YOUR INSTRUCTIONS: Only the lines from the one containing "Antonio foi aluno" to the end of the data below belong in the answer, each repeated exactly; no pictures.

(INPUT MATERIAL Opens)

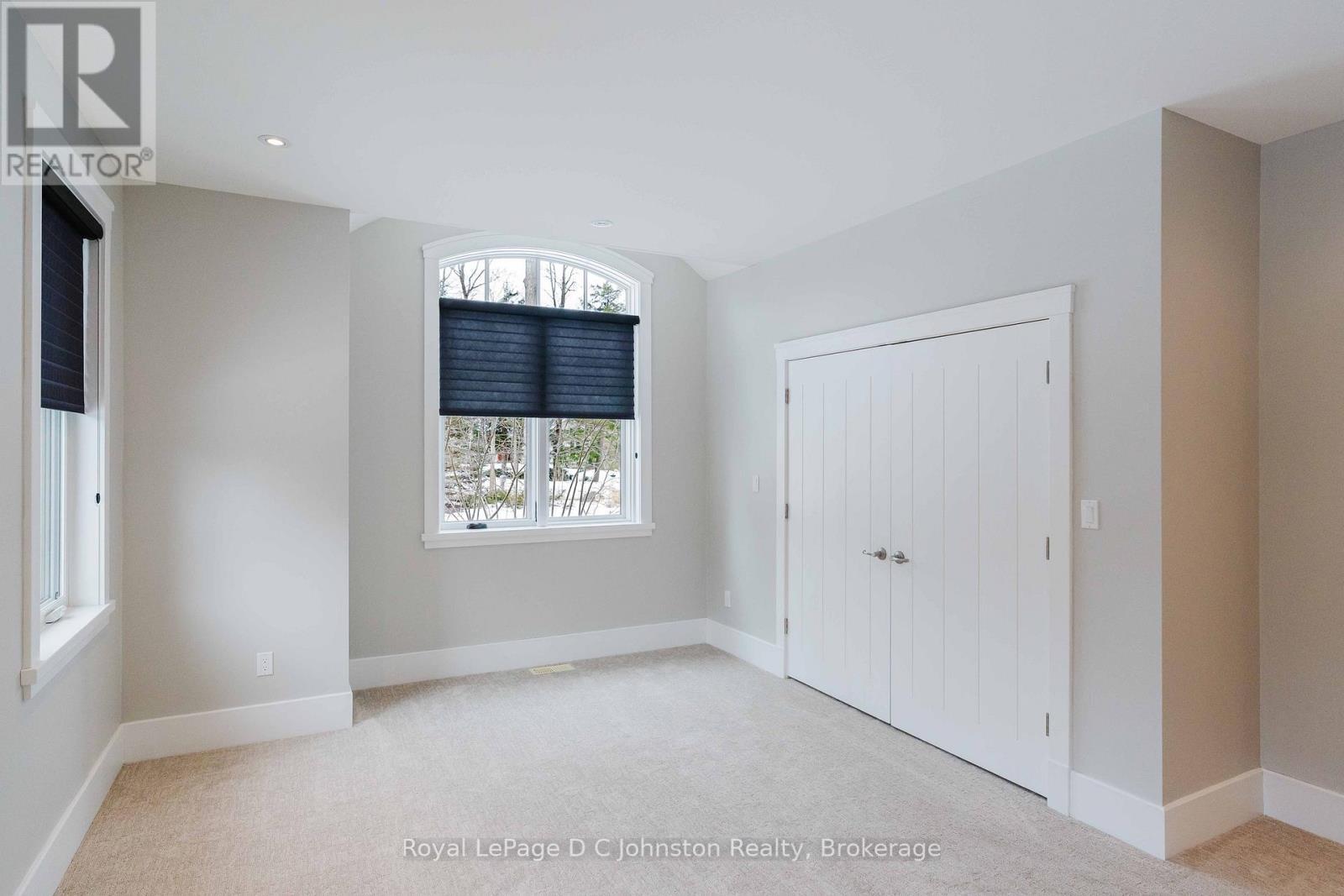 












27 CARTER DRIVE

,
Saugeen Shores,




Ontario
N0H2C6

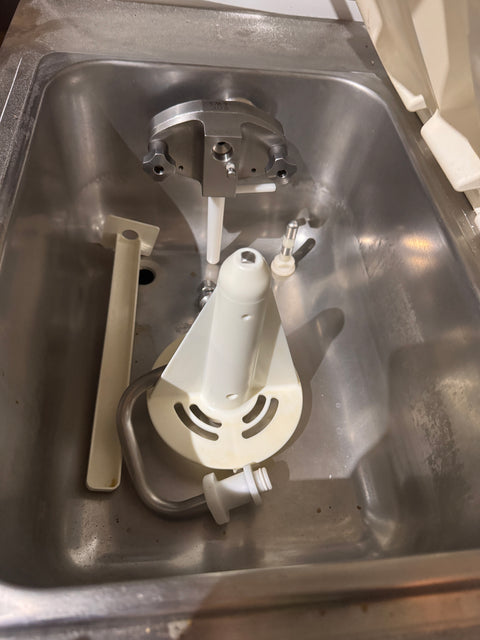 Carpigiani 241 pehmytjäätelölaite, vm. 2020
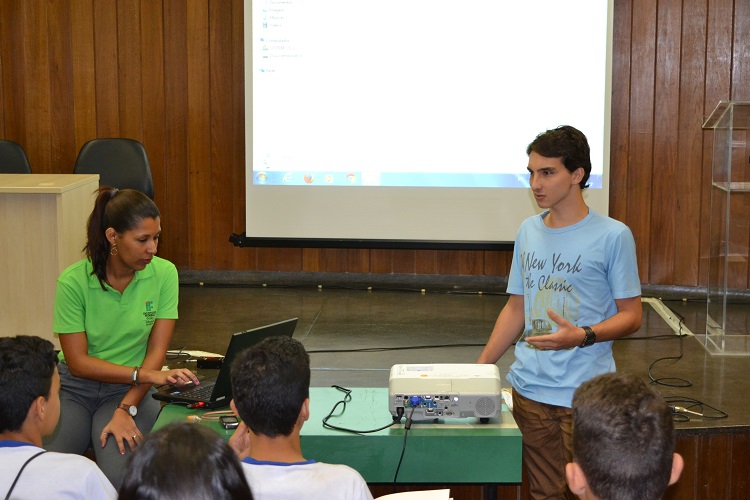 Antonio foi aluno da escola Pedro Gomes e hoje cursa Telecomunicações no IFG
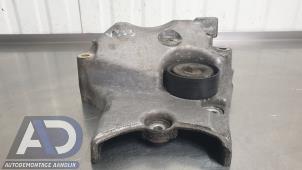Engine mount from a Opel Insignia 2.0 CDTI 16V 140 ecoFLEX 2015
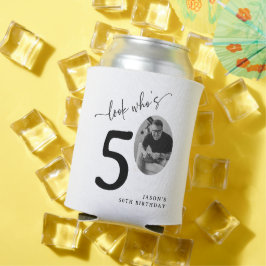 Porta-lata Olhe Quem Está Com 50! Foto Moderna de Aniversário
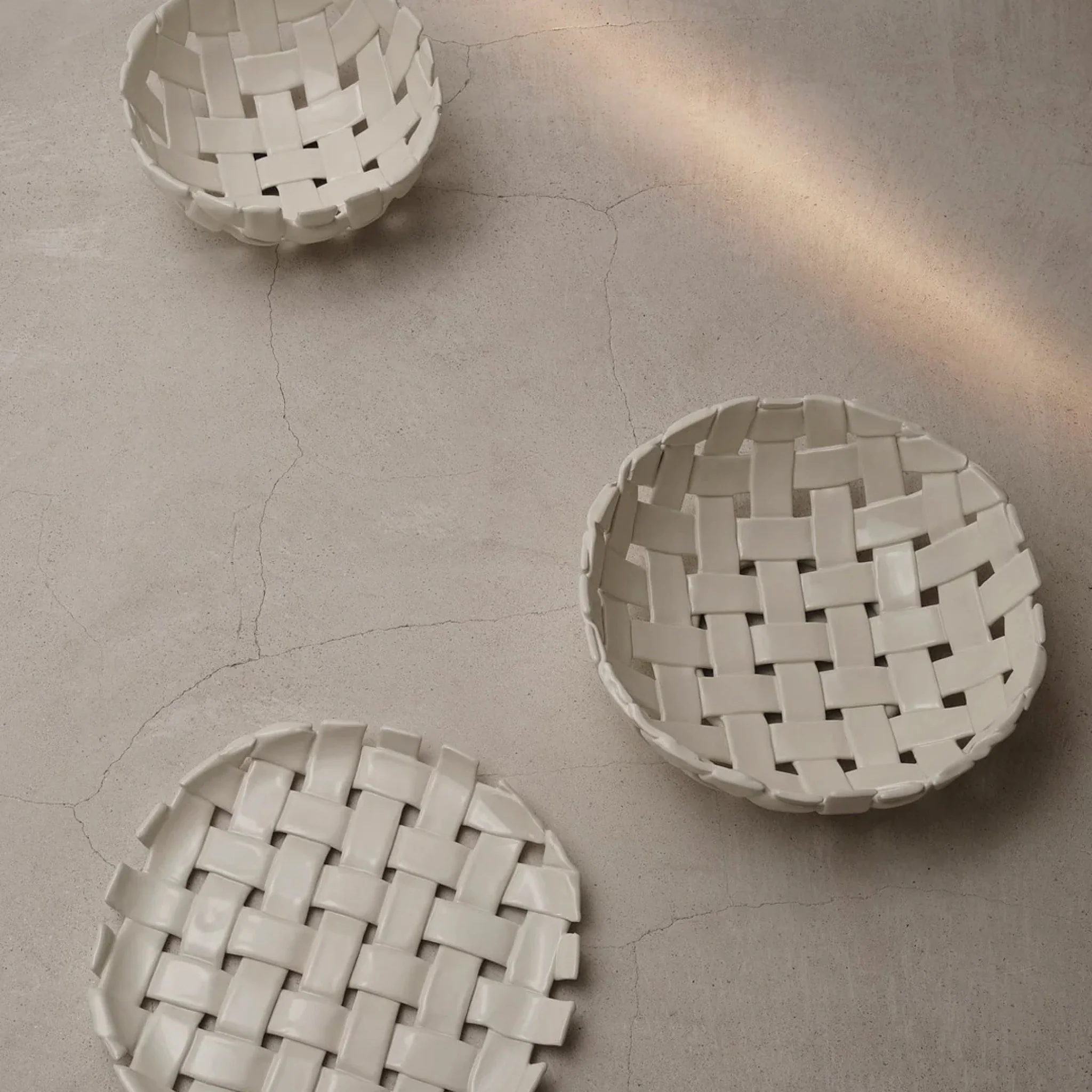 FERM LIVING Plait Platter, Off-White - Image 5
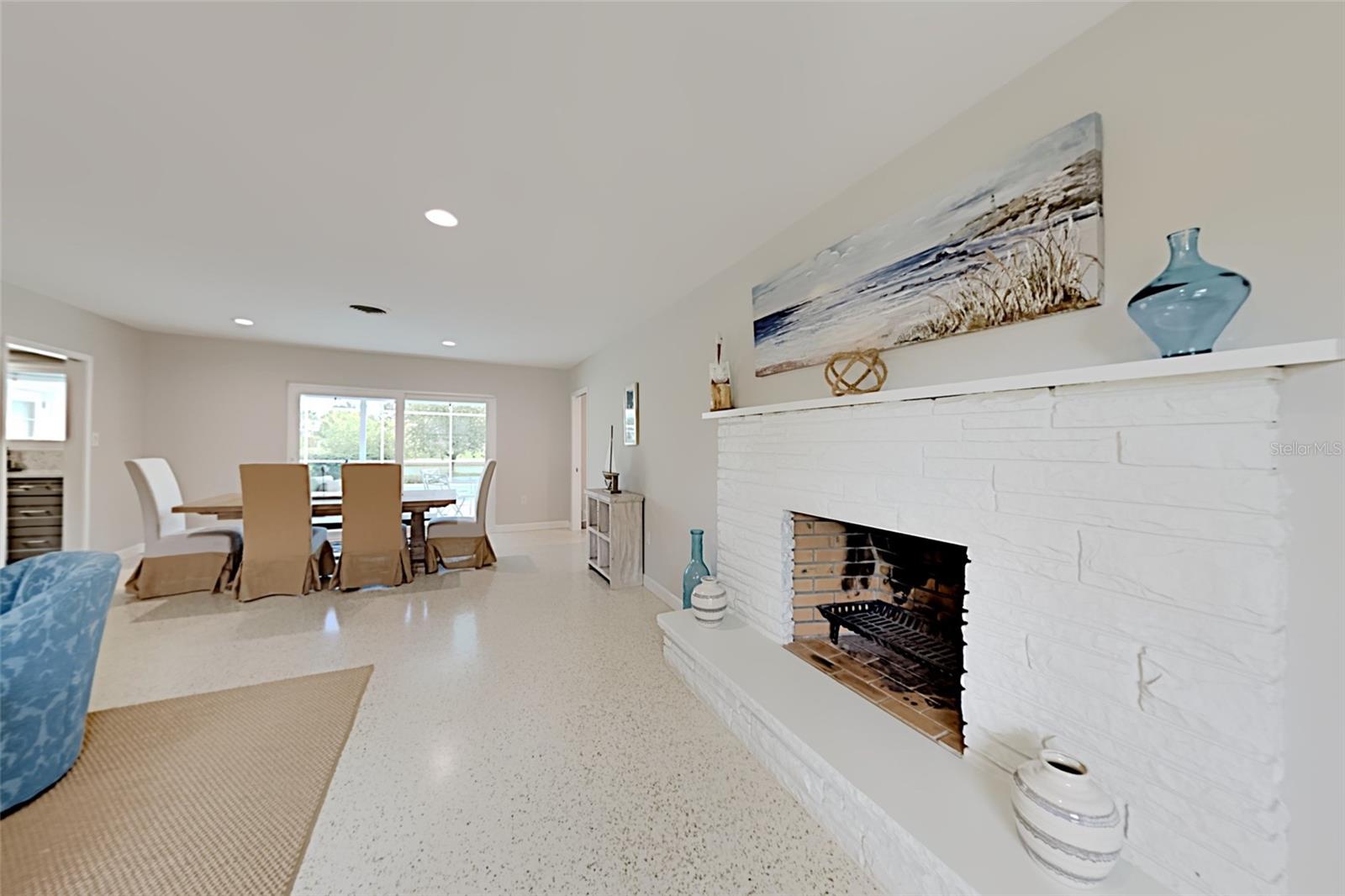 EMERALD HARBOR - Residential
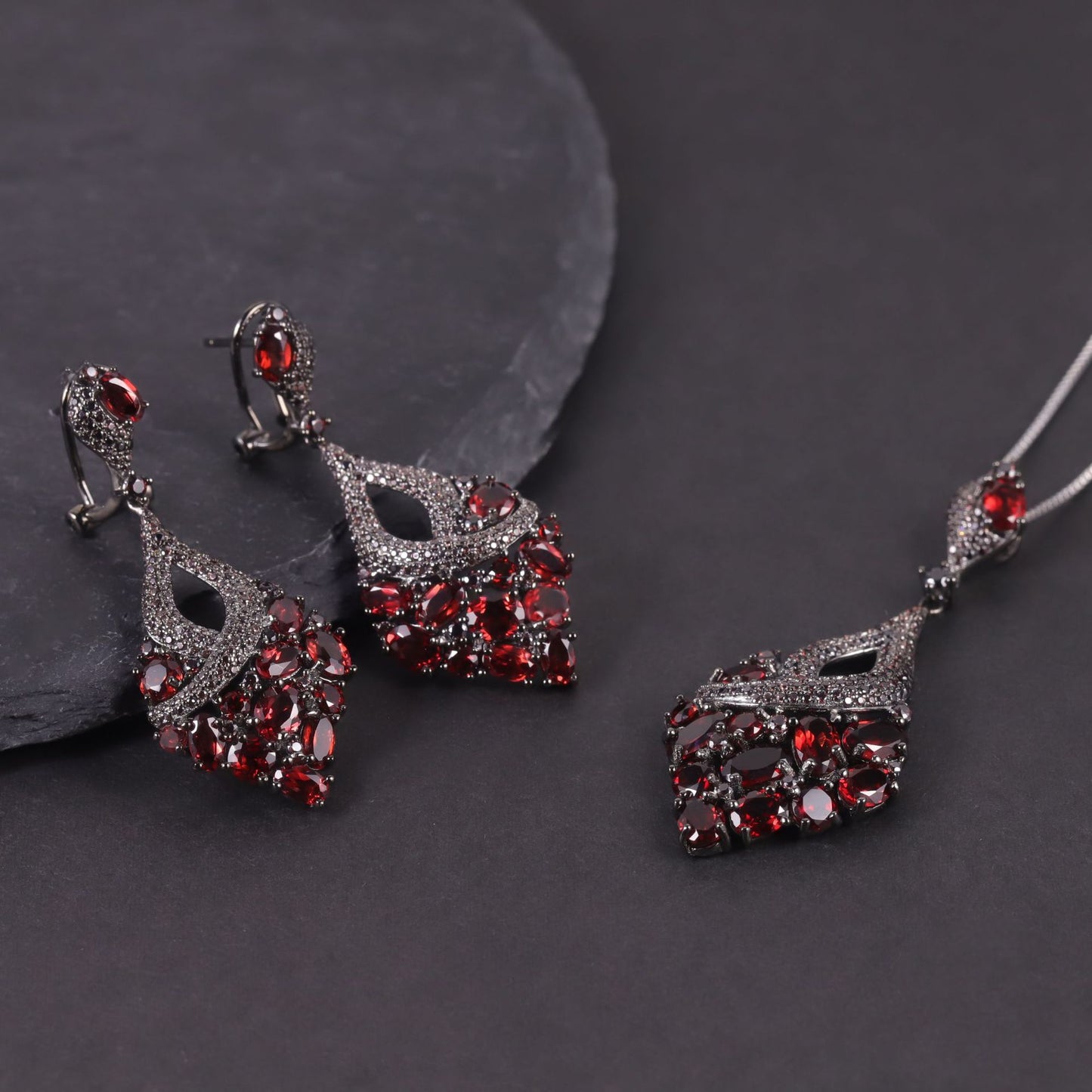 Popular Natural Crystal Garnet Necklace Black s925Sterling Silver Inlaid Colored Gemstone Pendant Retro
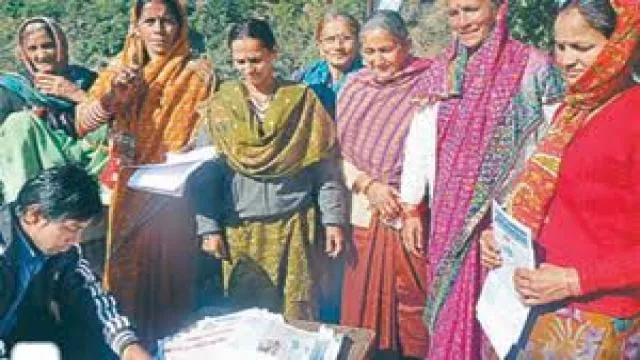 बांदल घाटी के सरखेत में अमर उजाला फाउंडेशन के कंप्यूटर प्रशिक्षण केंद्र में बढ़ी महिलाओं की भागीदारी।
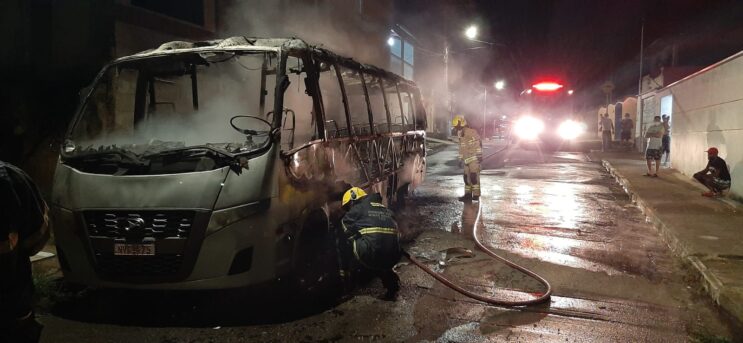 incendio-destroi-micro-onibus-estacionado-no-valenca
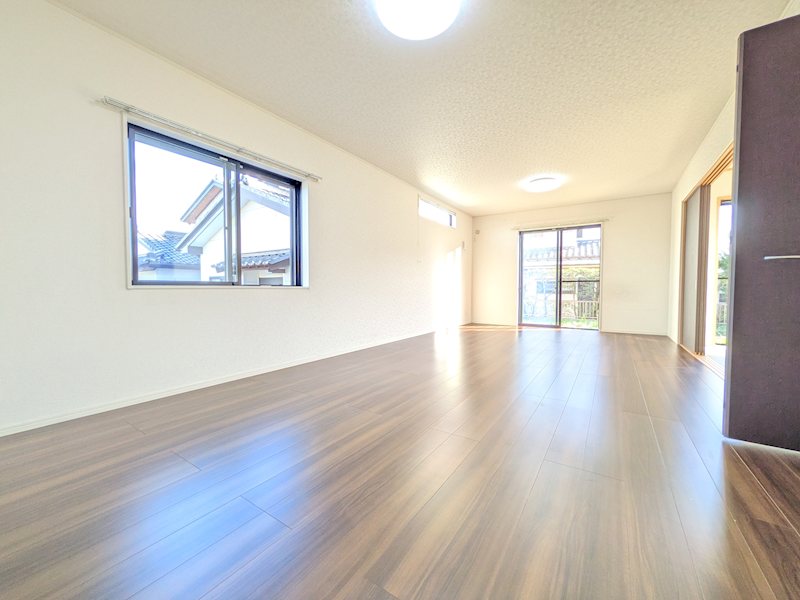 坂東市岩井　中古戸建 内観写真（リビング）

(INPUT MATERIAL Closes)

REPLY:
 Antonio foi aluno da escola Pedro Gomes e hoje cursa Telecomunicações no IFG
Engine mount from a Opel Insignia 2.0 CDTI 16V 140 ecoFLEX 2015
 Porta-lata Olhe Quem Está Com 50! Foto Moderna de Aniversário
 FERM LIVING Plait Platter, Off-White - Image 5
 EMERALD HARBOR - Residential
 Popular Natural Crystal Garnet Necklace Black s925Sterling Silver Inlaid Colored Gemstone Pendant Retro
 बांदल घाटी के सरखेत में अमर उजाला फाउंडेशन के कंप्यूटर प्रशिक्षण केंद्र में बढ़ी महिलाओं की भागीदारी।
 incendio-destroi-micro-onibus-estacionado-no-valenca
 坂東市岩井　中古戸建 内観写真（リビング）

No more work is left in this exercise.